Personal tools
You are here: Home eNewsletter Archives 2007 February 2007 Global warming: Blame the forests

Global warming: Blame the forests

bao.jpg

Baobab forest in Madagascar. A recent study has revealed that living plants may emit up to a third of the methane entering the Earth's atmosphere, contributing to global warming.

Source: Guardian Unlimited

They have long been thought of as the antidote to harmful greenhouse gases, sufferers of, rather than contributors to, the effects of global warming. But in a startling discovery, scientists have realised that plants are part of the problem.

According to a study published recently, living plants may emit up to a third of the methane entering the Earth's atmosphere.

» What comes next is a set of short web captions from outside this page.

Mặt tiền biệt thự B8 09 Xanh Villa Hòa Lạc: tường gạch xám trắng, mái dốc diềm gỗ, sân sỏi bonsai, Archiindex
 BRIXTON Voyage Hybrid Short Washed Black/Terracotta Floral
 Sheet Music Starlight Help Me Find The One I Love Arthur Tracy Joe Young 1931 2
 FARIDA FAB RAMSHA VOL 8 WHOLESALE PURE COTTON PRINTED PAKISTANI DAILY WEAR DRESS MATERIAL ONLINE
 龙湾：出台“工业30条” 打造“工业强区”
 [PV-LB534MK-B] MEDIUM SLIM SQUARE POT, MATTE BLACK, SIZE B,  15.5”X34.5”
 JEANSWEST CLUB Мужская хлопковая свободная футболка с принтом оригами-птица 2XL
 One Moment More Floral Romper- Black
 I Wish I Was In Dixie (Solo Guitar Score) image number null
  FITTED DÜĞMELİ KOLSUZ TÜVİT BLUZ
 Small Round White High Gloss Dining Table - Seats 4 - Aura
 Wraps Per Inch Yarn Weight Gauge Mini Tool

The result has come as a shock to Earth Observation Scientists. "This is a genuinely remarkable result," said Richard Betts of the climate change monitoring organisation, the Hadley Centre. "It adds an important new piece of understanding of how plants interact with the climate."

Methane is second only to carbon dioxide in contributing to the greenhouse effect. "For a given mass of methane, it is a stronger greenhouse gas, but the reason it is of less concern is that there's less of it in the atmosphere," said Dr Betts.

But the concentration of methane in the atmosphere has almost tripled in the last 150 years, mainly through human-influenced so-called biogenic sources such as the rise in rice cultivation or numbers of flatulent ruminating animals. According to previous estimates, these sources make up two-thirds of the 600m tonnes worldwide annual methane production.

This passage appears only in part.